School choice slandered - Milwaukee Parental Choice Program
Public Interest, Fall, 1994 by Daniel McGroarty
The questions surrounding test scores are overshadowed by the larger fact that many, if not a majority, of Choice students are concentrated in the early grades, having entered the Choice program as kindergartners. What Witte therefore calls the "last test" in a student's file may be, for many of the predominantly young Choice students, their "first and only" test, most likely taken in the second grade. Measuring changes in such early grades, with children engaged in their first encounter with "pencil and paper" testing and subject to "test trauma," may make results less reliable. Witte's own words put it best: "It is extremely difficult to measure outcomes or achievement for children at those ages." Yet this is precisely what Witte's reports do.
As the Choice program matures, examiners will doubtless shift their attention to graduation rates. Here, the Choice program will encounter what we might call a "structural" obstacle to success since--save for two "alternative schools" serving state-designated "at-risk" youth--there is no private high school for Parental Choice students to attend.

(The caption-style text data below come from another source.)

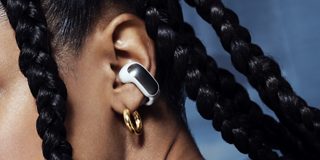 Femme portant des écouteurs oreilles libres Bose Ultra
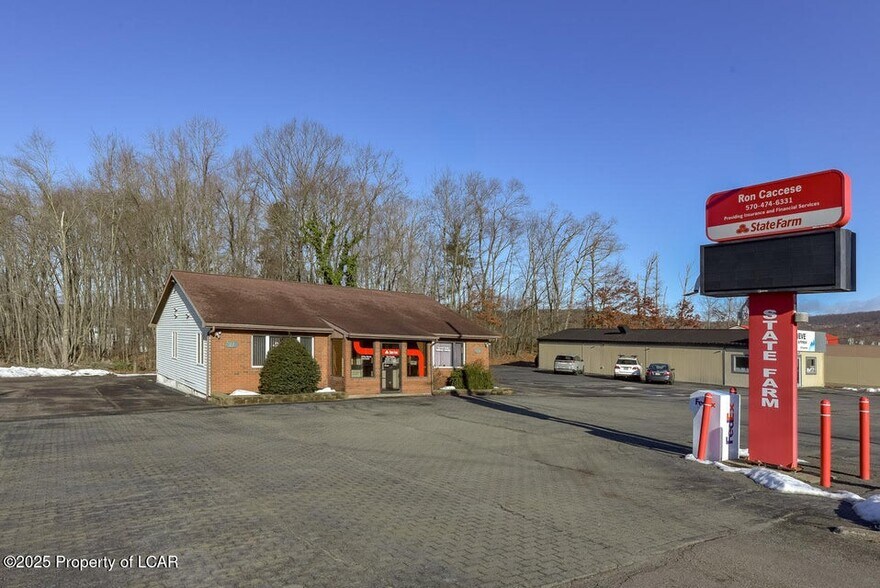 More Photos Of 69-71 S Mountain Blvd, Mountain Top Medical For Sale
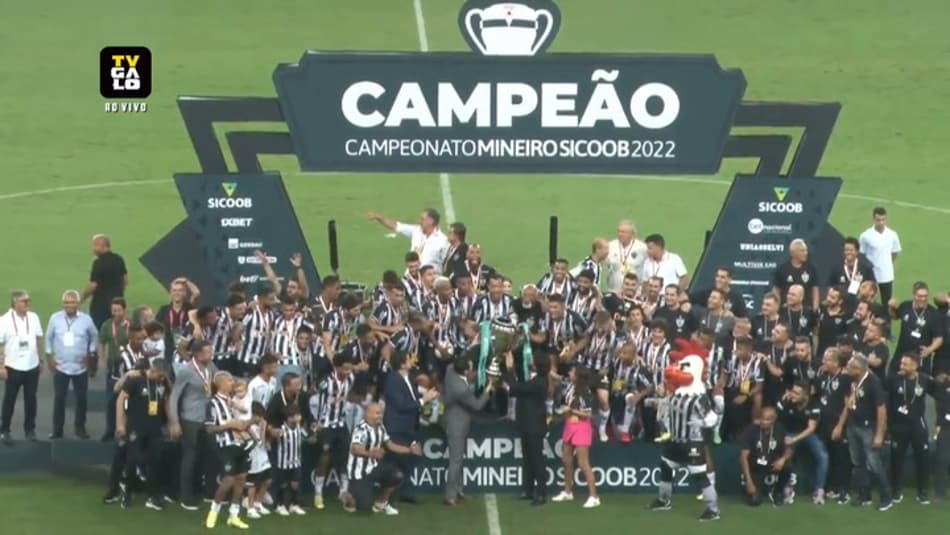 Espírito esportivo na final ! Réver cumprimenta jogadores do Cruzeiro após bater o rival na final do Mineiro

The absence of a Choice high school will become increasingly apparent in the years ahead. Many of the children in Parental Choice are still several years away from high school; few will be able to afford private high-school tuition. After eighth grade, many will find themselves with no option but to enroll in the MPS high schools that produce an abominable 32 percent graduation rate. Compare this to Milwaukee's inner-city Messmer High School, with its 98 percent graduation rate and an astonishing 79 percent of its seniors college-bound. Significantly, Messmer, a former Catholic school now independent of the Milwaukee Archdiocese, has sought and failed to win inclusion in the Choice program, denied by the DPI on the grounds that it is "pervasively religious."

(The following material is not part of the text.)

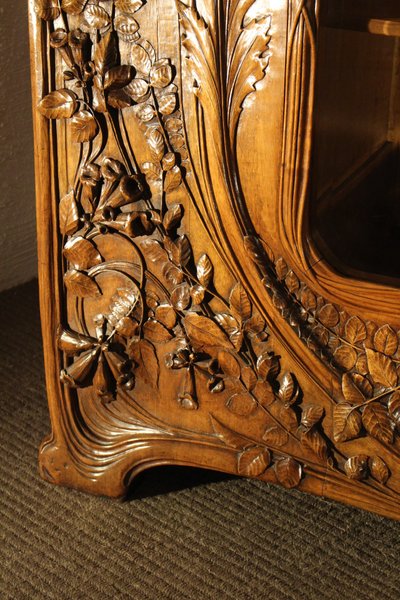 Exceptional Art Nouveau window display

Several years from now, access to Choice high schools would make moot the current wrangle over change scores and conventions of statistical significance. A program from which more than 90 percent of inner-city students graduate, compared to a public-school population where 60 percent drop-out, would remove any remaining doubt as to whether private school choice "works." Children who graduate instead of dropping out, children focused on college rather than the lure of the street--education researchers would finally understand what it is that has made Choice parents such fervent believers in the program from the beginning.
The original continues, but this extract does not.